Data section Start Marker
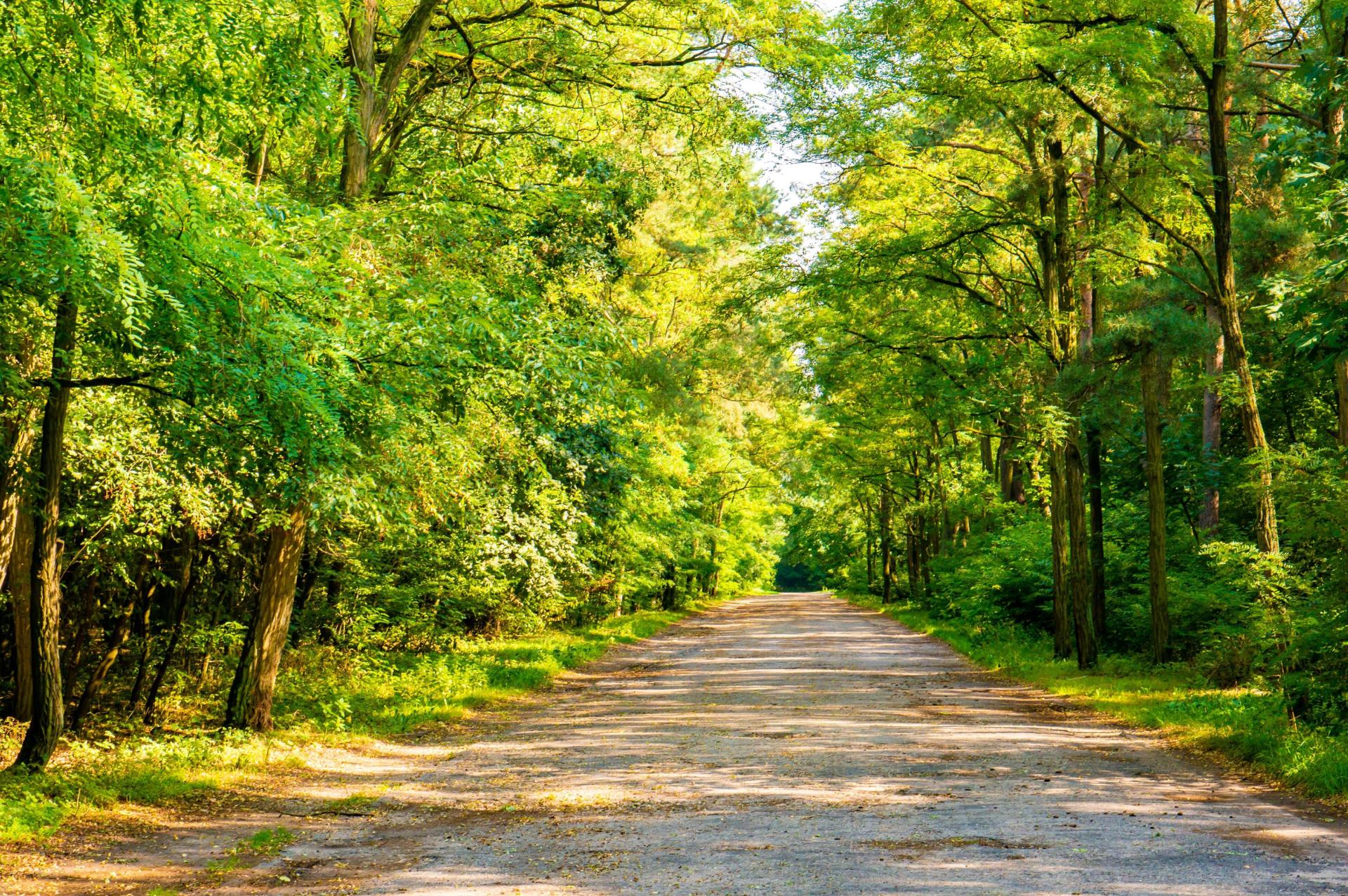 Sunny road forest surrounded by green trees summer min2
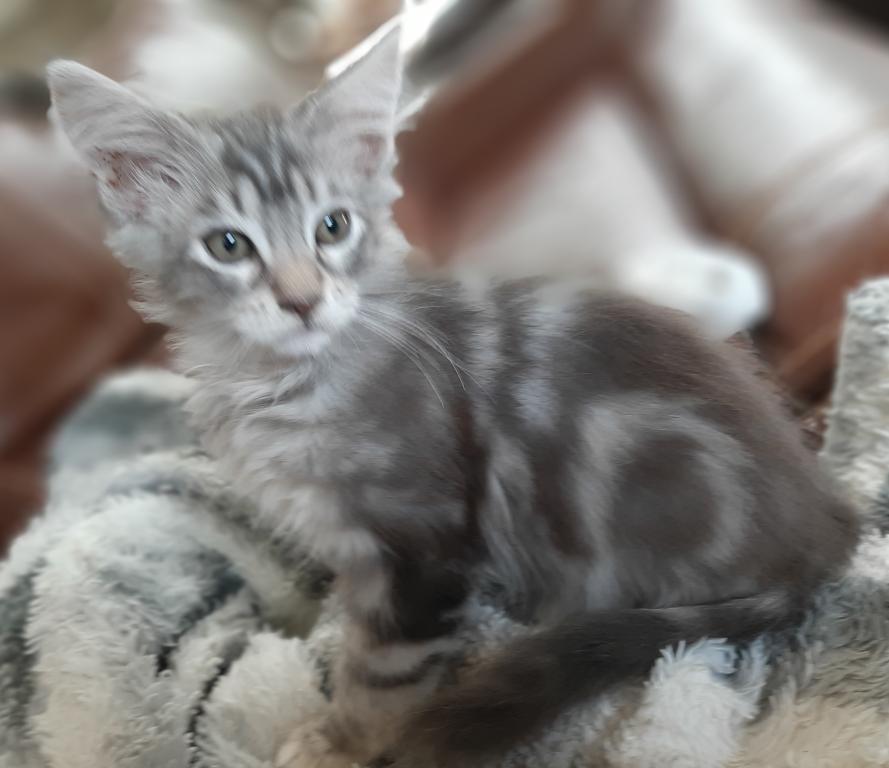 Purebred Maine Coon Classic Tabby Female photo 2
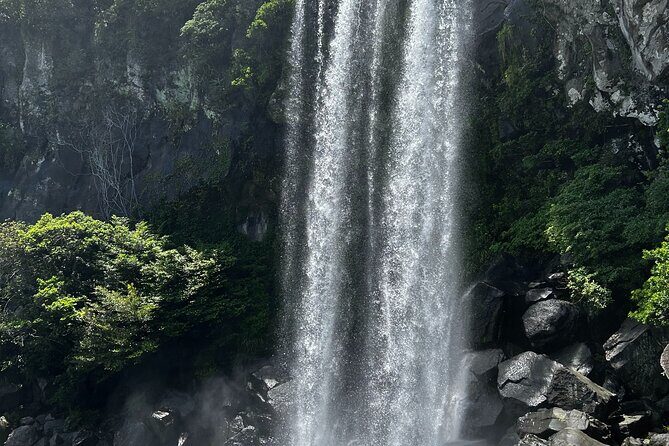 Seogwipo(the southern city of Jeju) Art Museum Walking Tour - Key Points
Data section End Marker
Work required
Exactly repeat every line from the line that includes "Purebred Maine Coon" to the end of the listing, and nothing else, leaving pictures out.

Problem solution
 Purebred Maine Coon Classic Tabby Female photo 2
 Seogwipo(the southern city of Jeju) Art Museum Walking Tour - Key Points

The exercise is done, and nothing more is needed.